**HOW TO COMPLETE THIS TASK**
Reproduce the whole listing word for word. Leave every image out.

(RAW DATA begins)

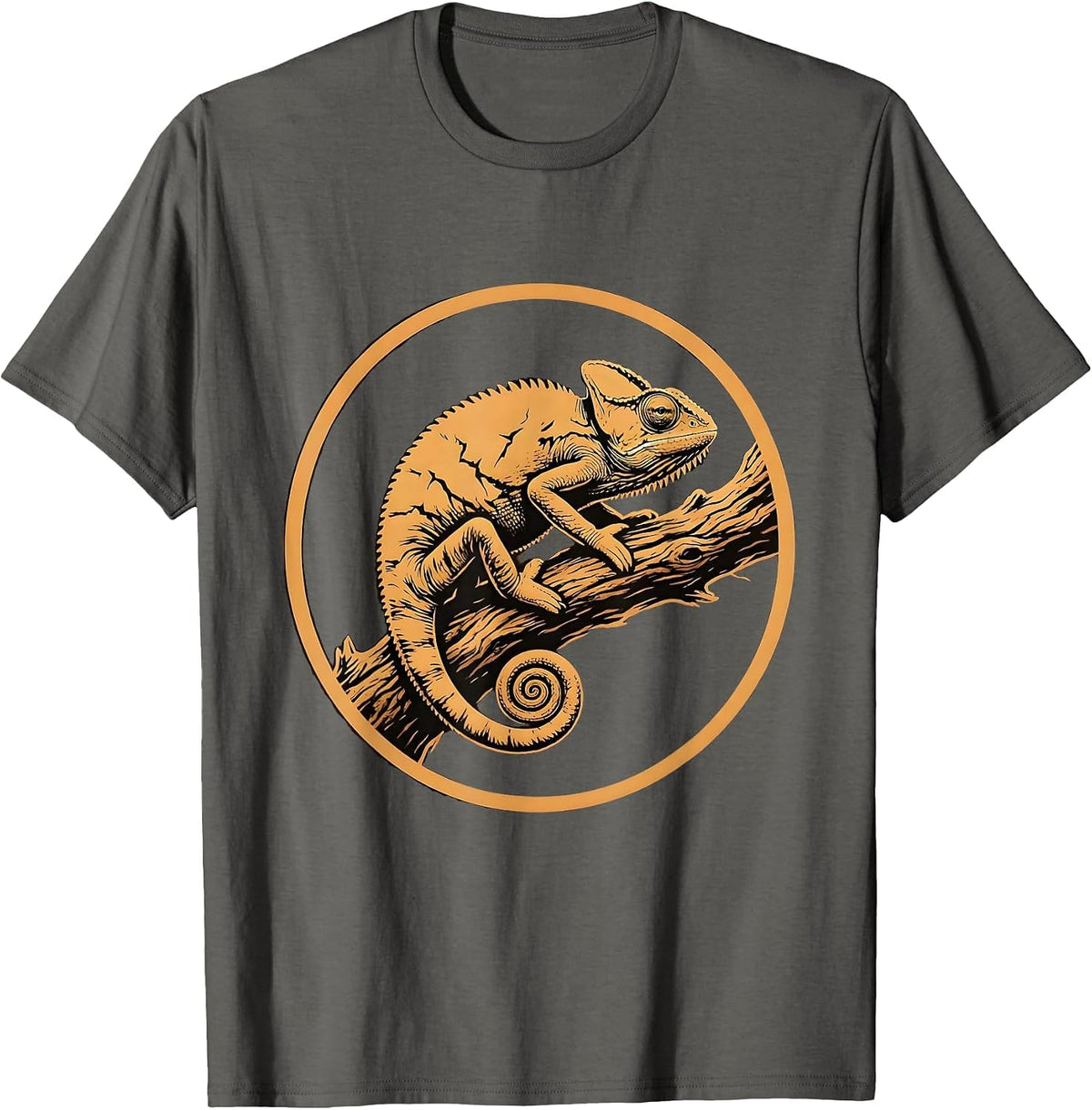 Chameleon Camouflage Tree Bark Nature Art T-Shirt - Asphalt Grey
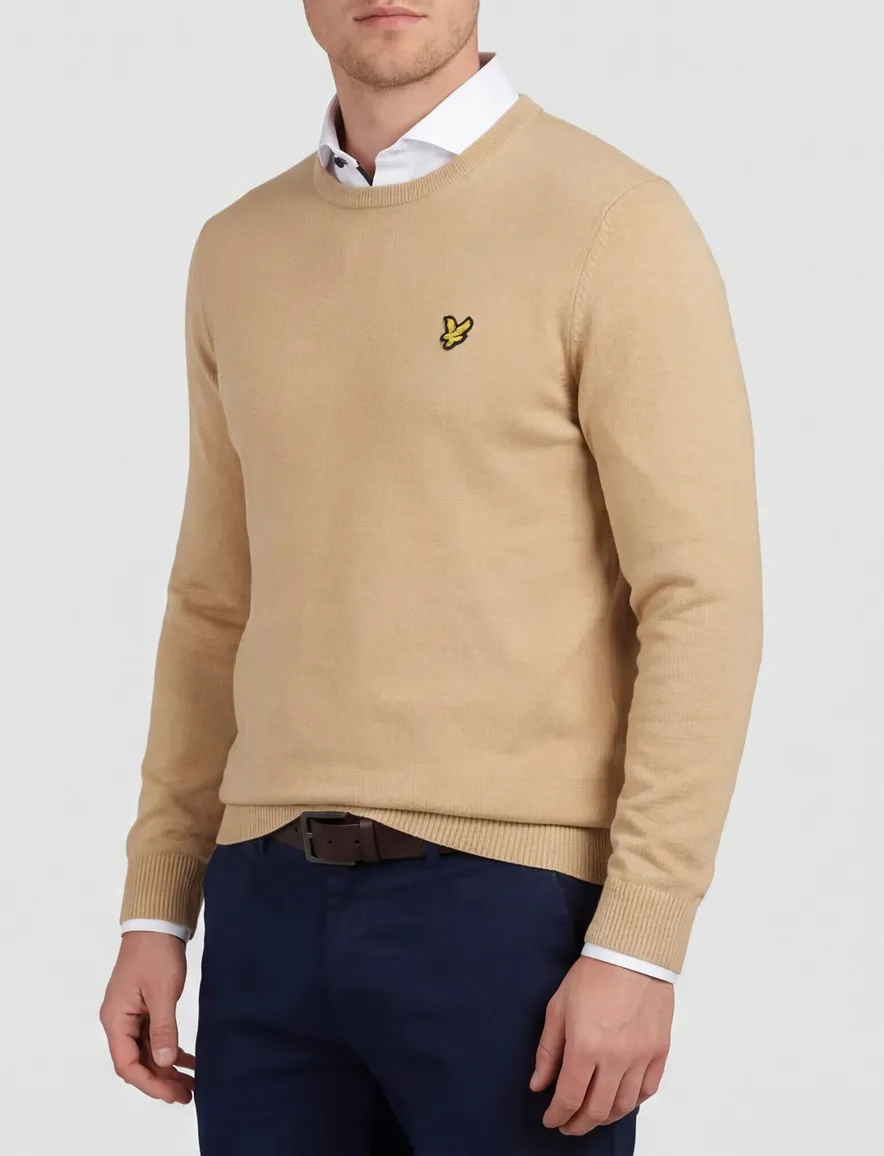 Lyle & Scott trui lichtbruin effen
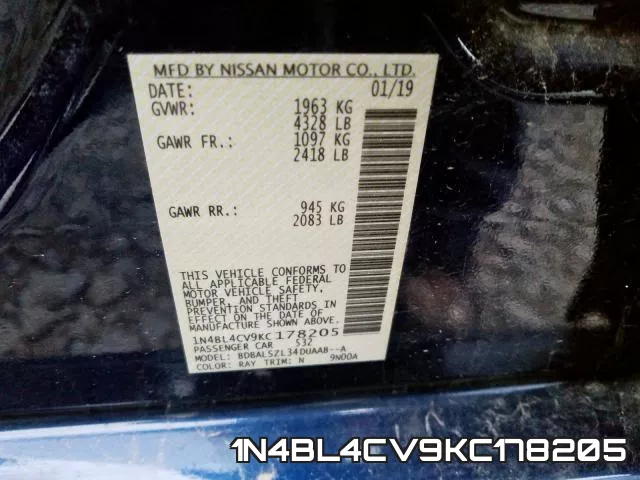 1N4BL4CV9KC178205 фото 2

(RAW DATA ends)

**ANSWER TO THE EXERCISE**
 Chameleon Camouflage Tree Bark Nature Art T-Shirt - Asphalt Grey
 Lyle & Scott trui lichtbruin effen
 1N4BL4CV9KC178205 фото 2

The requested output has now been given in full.